**Source material**

=-=-=-=-=

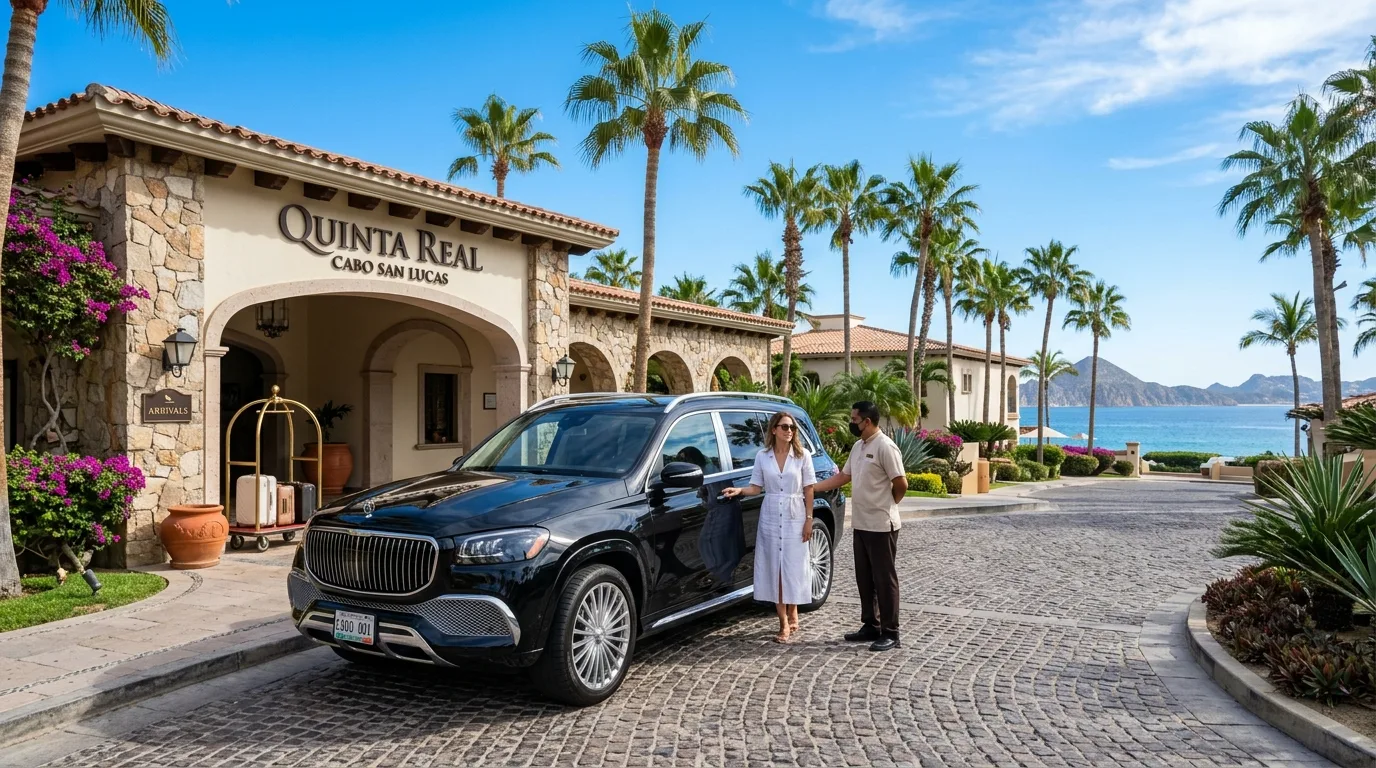 Luxury SUV parked outside an upscale resort in Cabo San Lucas, symbolizing premium transportation.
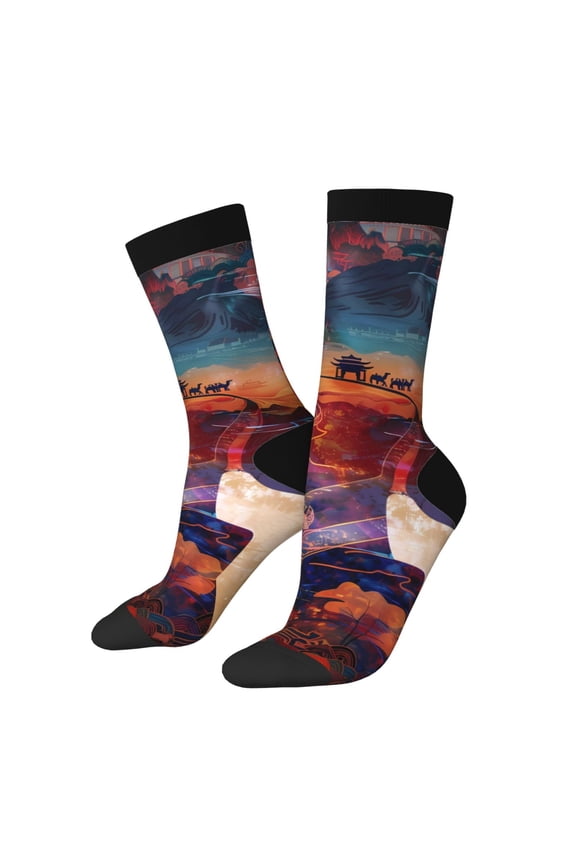 Cultural Silhouette Journey Crew Socks for Men & Women, Breathable Casual Athletic Ankle Socks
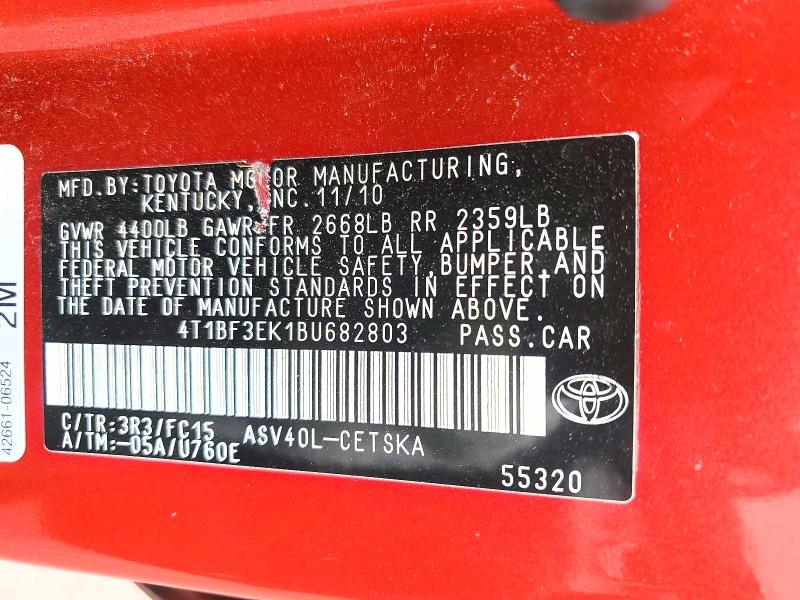 Aukcja sprzedaży 2011 Toyota Camry, vin: 4T1BF3EK1BU682803, numer aukcji: 70044806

=-=-=-=-=

Copy out all the data exactly, skipping the pictures.

 Luxury SUV parked outside an upscale resort in Cabo San Lucas, symbolizing premium transportation.
 Cultural Silhouette Journey Crew Socks for Men & Women, Breathable Casual Athletic Ankle Socks
 Aukcja sprzedaży 2011 Toyota Camry, vin: 4T1BF3EK1BU682803, numer aukcji: 70044806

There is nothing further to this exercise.